Useful spending of that money would be UX issues, making the horror that is using this stuff bearable.
Usability is atrocious and if you do not use it all the time you have to google the simplest things (for which the results are mostly outdated or wrong or bad practice so you have to be careful with which explanation you follow) which the software itself could explain to you.
"Useful spending of that money would be UX issues, making the horror that is using this stuff bearable."
100%. Freeze all work on crypto except for fixes for new problems that show up. All rest of money goes to hiring a UX expert for a design that anyone can pick up for common case and then implementing it.
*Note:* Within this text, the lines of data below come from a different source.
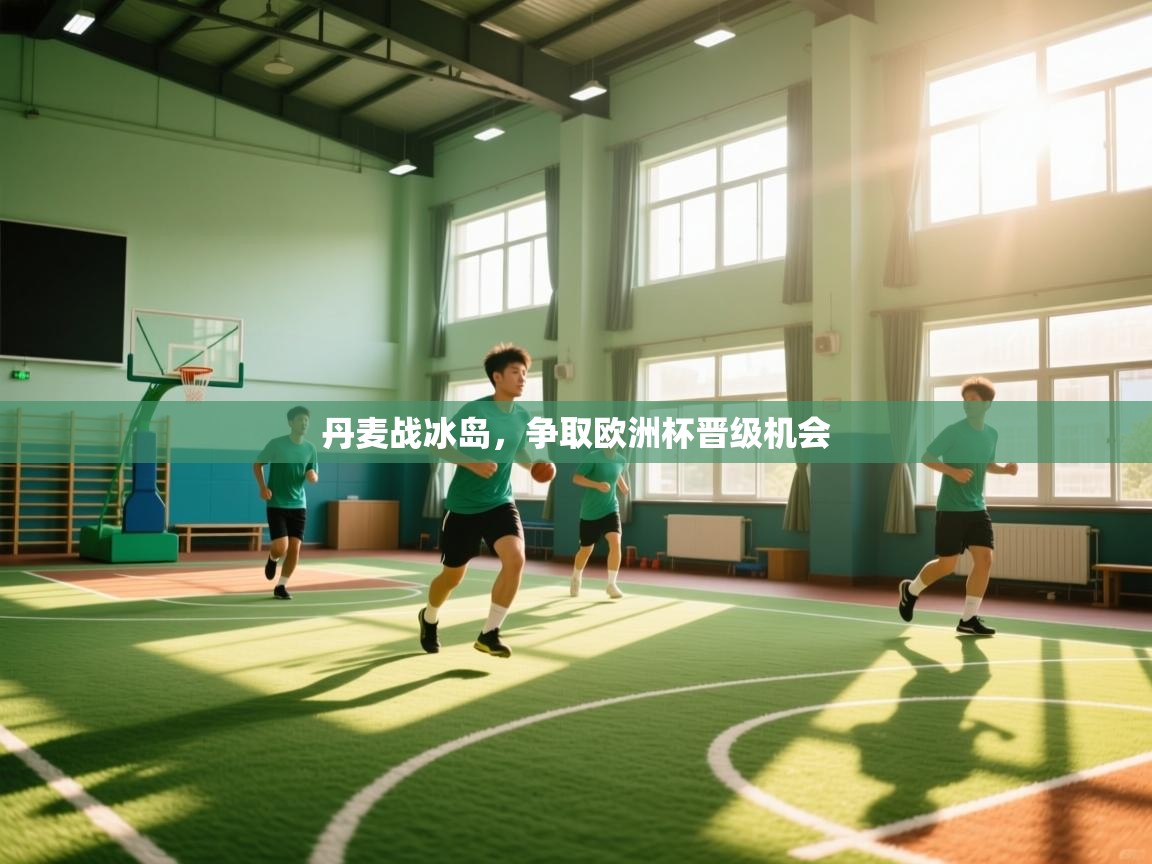 丹麦战冰岛，争取欧洲杯晋级机会  第2张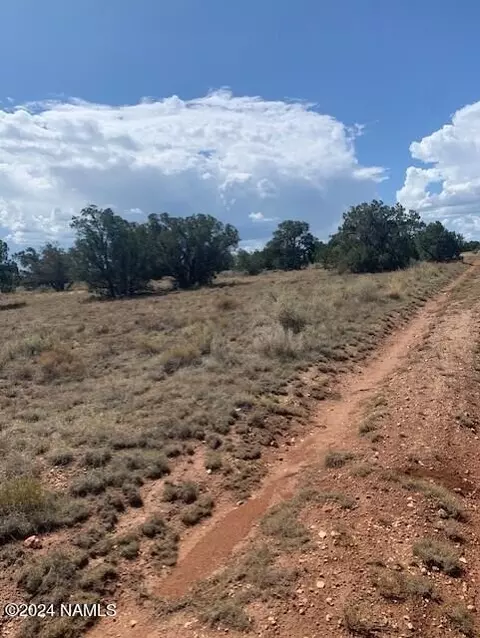795 S Lodestar Dr #384, Williams, AZ 86046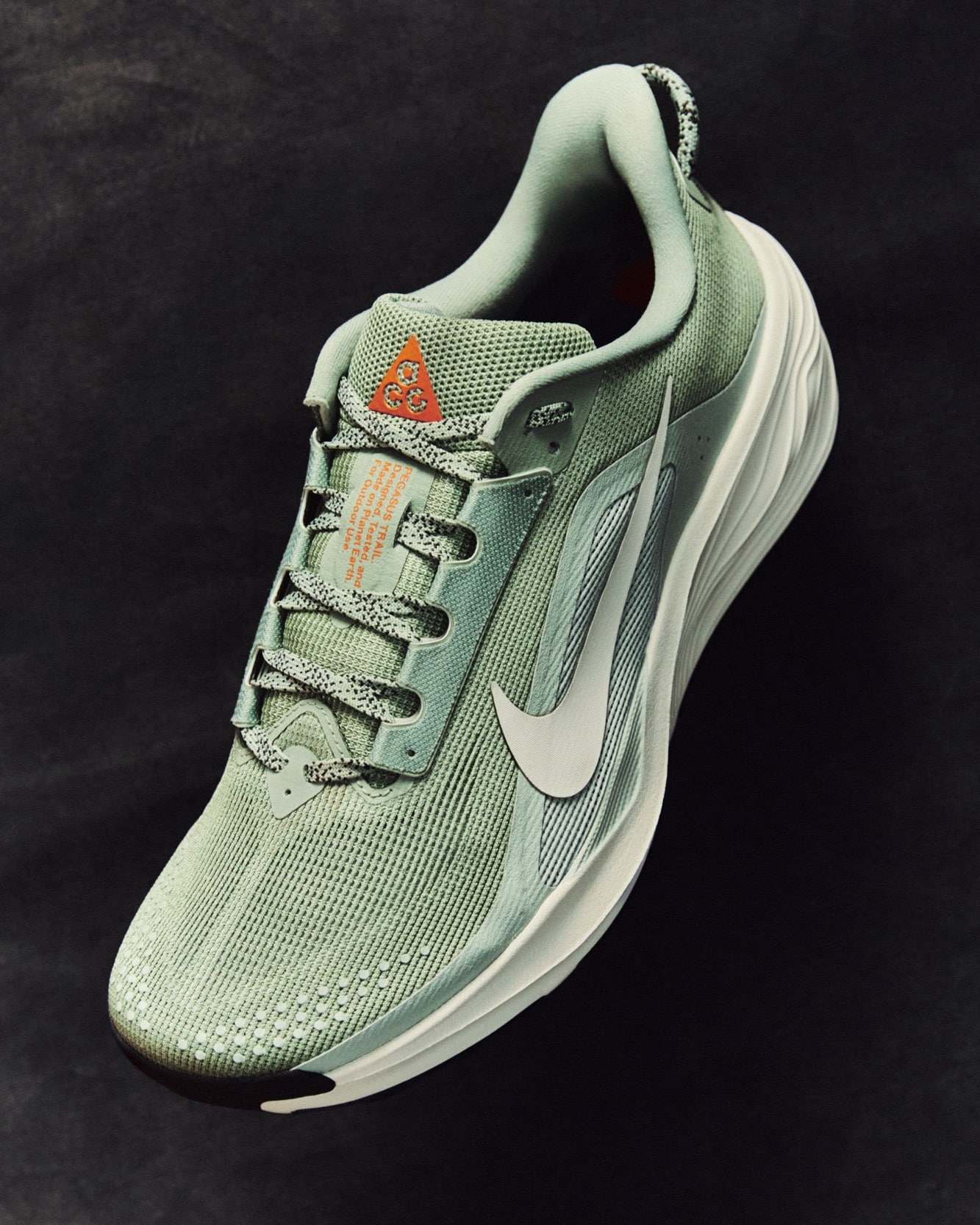 Nike ACG Pegasus Trail Premiera2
An alternative might just be to expose more of the underlying functionality via non-interactive interfaces, to encourage third-party/FOSS simplified interfaces for specific tasks.
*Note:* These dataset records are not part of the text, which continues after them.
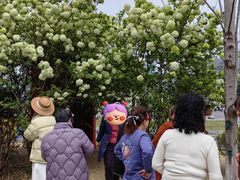 -大龙山(地铁站)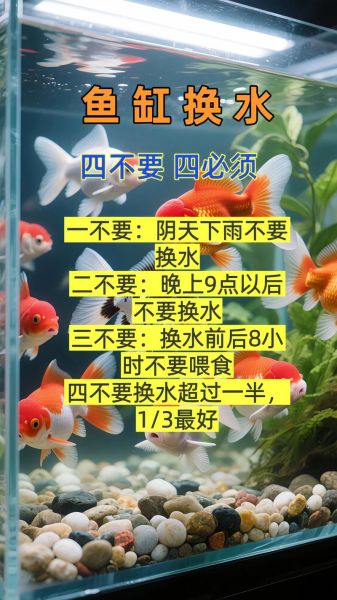 小鱼怎么养才能活得久_小鱼缸多久换一次水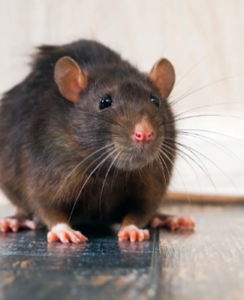 Rat Extermination Edmonton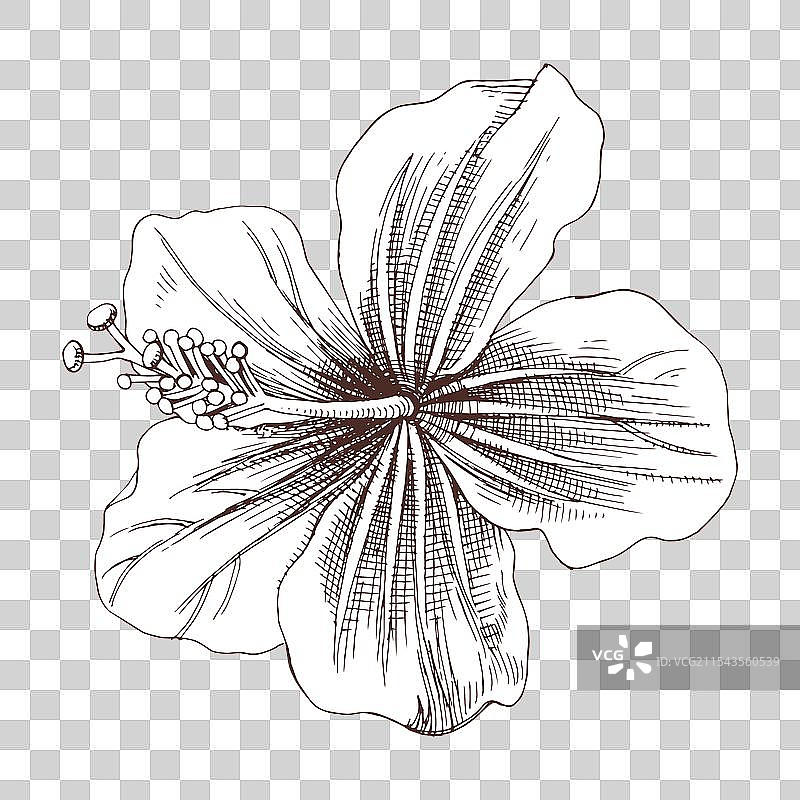 手绘的芙蓉花剪贴画图片素材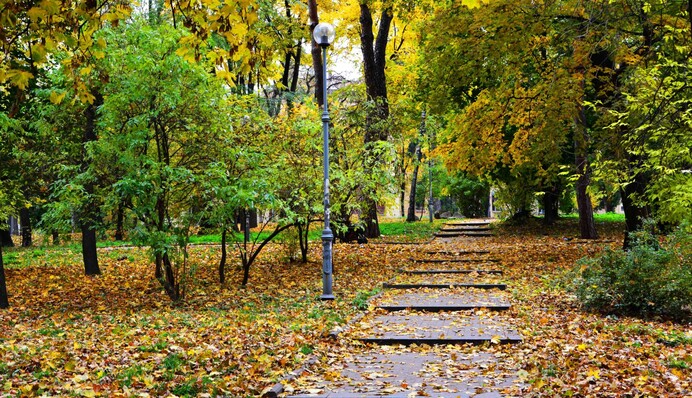 Коли дерева ще були маленькими: в мережі згадали архівне фото парку біля 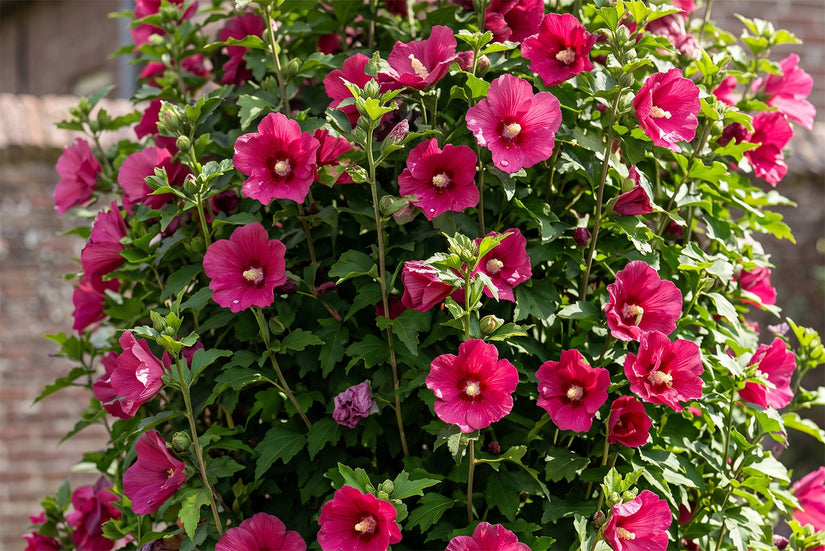 Rode Zuil Hibiscus - Hibiscus syriacus 'Flower Tower Ruby' Zuilvorm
Even trying to use a bash script to automate things is tricky because of gpg2's interactivity. I'm sure it was put there to improve usability, of course :) (which it does, in the interactive case).
I'd generally agree. Although I think this is rather something the people behind Enigmail should figure out. The vast majority of gpg users will never interact with it over the terminal, probably.
You're right. Not only GnuPG but everything around it (mostly email clients) are in dire need of a UX overhaul.
Presenting such a complicated technical topic only in it's purely technical form is not enough imho. Clear and concise explanation for each and every action and item that gets displayed (and the whys!) would do wonders.
Usability is atrocious and if you do not use it all the time you have to google the simplest things (for which the results are mostly outdated or wrong or bad practice so you have to be careful with which explanation you follow) which the software itself could explain to you.